Attack Chain

1. An unauthenticated attacker identifies a public-facing web server hosting Joomla! and the vulnerable RPC Responsive Portfolio component version 1.6.1.
2. The attacker crafts an HTTP GET request targeting the index.php path, specifying the vulnerable component parameters: option=com_pofos and view=pofo.
3. A crafted SQL injection payload, such as id=' OR 1=1-- or similar data exfiltration statements, is embedded within the id parameter of the GET request.
4. The web server receives the request and forwards it to the Joomla! application, which processes the RPC Responsive Portfolio component's logic.
5. Due to improper input validation, the vulnerable component concatenates the malicious id parameter value directly into an SQL query executed against the application's database.
6. The database executes the attacker-controlled SQL query, resulting in the retrieval of sensitive information beyond what is authorized for unauthenticated access.
7. The Joomla! application's HTTP response includes the results of the executed SQL query, returning the exfiltrated sensitive data to the attacker.
8. The attacker then parses the received HTTP response to collect and analyze the confidential database information, achieving their objective of unauthorized data disclosure.

Impact

Successful exploitation of CVE-2017-20258 can lead to a severe data breach, compromising the confidentiality of an organization's database.

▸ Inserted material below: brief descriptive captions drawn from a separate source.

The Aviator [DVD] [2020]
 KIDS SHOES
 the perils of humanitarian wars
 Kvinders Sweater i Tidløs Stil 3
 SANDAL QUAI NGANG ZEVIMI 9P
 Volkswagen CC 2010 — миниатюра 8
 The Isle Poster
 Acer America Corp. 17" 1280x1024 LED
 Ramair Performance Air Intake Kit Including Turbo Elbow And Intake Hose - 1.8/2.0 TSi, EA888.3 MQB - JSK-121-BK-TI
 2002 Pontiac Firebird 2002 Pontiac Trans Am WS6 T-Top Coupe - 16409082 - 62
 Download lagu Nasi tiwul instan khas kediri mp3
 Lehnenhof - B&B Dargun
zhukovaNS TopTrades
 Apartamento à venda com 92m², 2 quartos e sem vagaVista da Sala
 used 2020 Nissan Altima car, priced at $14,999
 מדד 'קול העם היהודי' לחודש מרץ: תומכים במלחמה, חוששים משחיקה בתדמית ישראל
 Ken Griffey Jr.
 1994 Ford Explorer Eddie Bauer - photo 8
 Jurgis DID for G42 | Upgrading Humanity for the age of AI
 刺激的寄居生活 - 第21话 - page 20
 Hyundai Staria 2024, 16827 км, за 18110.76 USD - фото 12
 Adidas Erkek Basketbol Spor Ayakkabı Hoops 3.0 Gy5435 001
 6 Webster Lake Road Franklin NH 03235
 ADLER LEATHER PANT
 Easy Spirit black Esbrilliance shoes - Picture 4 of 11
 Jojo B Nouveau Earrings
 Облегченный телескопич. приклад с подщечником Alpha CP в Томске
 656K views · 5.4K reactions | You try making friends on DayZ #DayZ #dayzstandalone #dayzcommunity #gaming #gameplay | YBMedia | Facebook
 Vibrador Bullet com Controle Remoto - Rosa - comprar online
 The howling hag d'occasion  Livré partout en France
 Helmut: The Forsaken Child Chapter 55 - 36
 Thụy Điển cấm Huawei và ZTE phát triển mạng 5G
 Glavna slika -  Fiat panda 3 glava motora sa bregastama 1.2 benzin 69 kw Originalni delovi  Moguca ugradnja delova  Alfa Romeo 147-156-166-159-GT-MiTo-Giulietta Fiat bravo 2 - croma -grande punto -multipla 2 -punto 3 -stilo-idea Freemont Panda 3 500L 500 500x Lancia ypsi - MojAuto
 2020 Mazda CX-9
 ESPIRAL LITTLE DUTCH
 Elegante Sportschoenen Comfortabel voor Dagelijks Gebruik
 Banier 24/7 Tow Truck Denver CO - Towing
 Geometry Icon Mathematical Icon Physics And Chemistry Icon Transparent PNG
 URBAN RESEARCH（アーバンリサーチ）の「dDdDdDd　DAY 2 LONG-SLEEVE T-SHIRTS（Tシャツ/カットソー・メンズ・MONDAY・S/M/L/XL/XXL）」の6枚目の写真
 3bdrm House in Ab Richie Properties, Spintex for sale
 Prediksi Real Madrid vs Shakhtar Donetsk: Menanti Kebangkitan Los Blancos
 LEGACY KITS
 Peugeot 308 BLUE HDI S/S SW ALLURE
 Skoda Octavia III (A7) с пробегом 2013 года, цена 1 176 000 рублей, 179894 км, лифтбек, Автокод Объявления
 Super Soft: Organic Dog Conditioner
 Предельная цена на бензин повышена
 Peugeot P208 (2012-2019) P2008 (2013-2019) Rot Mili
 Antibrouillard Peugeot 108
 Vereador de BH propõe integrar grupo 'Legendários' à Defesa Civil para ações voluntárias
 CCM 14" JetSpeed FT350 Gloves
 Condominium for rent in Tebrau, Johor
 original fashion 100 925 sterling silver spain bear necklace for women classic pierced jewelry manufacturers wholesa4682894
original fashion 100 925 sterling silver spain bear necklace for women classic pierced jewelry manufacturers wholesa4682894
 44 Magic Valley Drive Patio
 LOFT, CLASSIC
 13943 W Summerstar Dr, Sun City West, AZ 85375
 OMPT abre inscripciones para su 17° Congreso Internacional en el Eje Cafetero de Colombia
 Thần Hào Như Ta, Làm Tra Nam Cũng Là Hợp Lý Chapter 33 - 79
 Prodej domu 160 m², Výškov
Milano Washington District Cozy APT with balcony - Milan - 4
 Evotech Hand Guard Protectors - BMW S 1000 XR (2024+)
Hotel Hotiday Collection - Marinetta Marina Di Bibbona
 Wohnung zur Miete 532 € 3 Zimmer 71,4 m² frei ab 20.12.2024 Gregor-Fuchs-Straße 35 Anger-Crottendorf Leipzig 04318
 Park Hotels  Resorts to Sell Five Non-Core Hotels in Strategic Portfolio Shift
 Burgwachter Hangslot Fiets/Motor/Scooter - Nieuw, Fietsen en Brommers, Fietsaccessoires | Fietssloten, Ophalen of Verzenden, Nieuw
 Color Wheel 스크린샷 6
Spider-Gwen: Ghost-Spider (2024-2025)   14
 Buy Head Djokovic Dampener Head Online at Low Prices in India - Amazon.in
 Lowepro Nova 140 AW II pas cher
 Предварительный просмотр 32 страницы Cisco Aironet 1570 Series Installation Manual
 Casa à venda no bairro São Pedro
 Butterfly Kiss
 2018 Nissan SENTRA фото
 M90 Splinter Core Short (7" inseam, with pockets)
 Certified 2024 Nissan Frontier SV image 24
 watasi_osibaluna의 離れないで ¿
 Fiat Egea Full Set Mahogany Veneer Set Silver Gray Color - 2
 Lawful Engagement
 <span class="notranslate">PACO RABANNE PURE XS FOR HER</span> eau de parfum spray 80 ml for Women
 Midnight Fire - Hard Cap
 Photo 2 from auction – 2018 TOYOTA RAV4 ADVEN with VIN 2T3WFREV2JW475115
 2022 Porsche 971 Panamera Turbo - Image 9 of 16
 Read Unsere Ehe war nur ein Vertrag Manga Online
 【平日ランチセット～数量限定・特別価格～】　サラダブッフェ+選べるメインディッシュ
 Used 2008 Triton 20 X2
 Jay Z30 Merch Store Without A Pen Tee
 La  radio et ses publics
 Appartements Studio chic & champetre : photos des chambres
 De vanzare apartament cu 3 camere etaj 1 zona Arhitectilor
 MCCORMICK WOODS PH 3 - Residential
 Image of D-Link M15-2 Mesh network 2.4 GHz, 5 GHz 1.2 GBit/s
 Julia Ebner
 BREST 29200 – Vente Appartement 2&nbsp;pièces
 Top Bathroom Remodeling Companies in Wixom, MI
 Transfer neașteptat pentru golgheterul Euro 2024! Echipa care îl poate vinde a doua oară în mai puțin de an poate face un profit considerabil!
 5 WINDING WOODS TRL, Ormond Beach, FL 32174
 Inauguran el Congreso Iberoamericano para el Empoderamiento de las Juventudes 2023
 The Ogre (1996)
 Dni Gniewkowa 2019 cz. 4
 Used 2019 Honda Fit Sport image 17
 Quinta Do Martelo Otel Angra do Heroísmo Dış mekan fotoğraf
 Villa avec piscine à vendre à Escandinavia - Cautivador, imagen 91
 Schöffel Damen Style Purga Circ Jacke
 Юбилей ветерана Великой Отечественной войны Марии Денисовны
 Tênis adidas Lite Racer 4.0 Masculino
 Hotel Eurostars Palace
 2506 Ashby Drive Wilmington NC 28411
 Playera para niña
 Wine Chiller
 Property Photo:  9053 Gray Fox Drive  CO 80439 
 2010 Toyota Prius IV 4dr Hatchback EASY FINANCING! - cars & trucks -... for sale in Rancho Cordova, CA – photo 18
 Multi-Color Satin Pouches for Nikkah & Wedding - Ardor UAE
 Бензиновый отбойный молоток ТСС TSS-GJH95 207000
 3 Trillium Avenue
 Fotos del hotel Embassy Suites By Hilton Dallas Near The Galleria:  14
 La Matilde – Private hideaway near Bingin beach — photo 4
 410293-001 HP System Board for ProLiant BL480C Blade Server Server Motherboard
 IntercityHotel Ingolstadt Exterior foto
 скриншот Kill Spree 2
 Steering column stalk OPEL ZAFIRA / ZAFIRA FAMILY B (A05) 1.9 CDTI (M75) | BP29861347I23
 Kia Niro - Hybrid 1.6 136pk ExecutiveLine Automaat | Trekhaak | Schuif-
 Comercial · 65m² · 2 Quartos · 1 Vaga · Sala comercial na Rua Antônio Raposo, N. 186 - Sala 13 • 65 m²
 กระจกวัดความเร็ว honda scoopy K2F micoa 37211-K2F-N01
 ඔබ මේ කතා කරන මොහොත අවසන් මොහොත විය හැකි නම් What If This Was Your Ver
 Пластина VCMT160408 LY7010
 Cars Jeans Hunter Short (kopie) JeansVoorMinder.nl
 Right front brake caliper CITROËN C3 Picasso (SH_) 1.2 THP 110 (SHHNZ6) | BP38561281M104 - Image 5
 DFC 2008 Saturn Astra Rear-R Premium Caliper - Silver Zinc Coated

Attackers can extract various forms of sensitive information, including user account details, passwords, proprietary business data, and internal system configurations. Such exfiltration can result in significant financial losses from regulatory penalties and remediation efforts, severe damage to reputation, and potential for further downstream attacks leveraging the stolen data. While specific victim numbers or affected sectors are not detailed in the advisory, any entity running the vulnerable Joomla! component is exposed to these critical risks.

Recommendation

• Prioritize patching or upgrading the Joomla! Component RPC Responsive Portfolio to a version that remediates CVE-2017-20258 immediately upon availability.
• Deploy the provided Sigma rule "Detect CVE-2017-20258 Joomla! SQL Injection Attempt" to your SIEM/detection platform to identify and alert on attempted exploitation.
• Implement or strengthen Web Application Firewall (WAF) policies to detect and block common SQL injection patterns, specifically targeting the id parameter in requests to index.php?option=com_pofos&view=pofo.
• Regularly review web server access logs for suspicious requests matching the URL pattern index.php?option=com_pofos&view=pofo&id=[SQL] as identified in the IOCs section.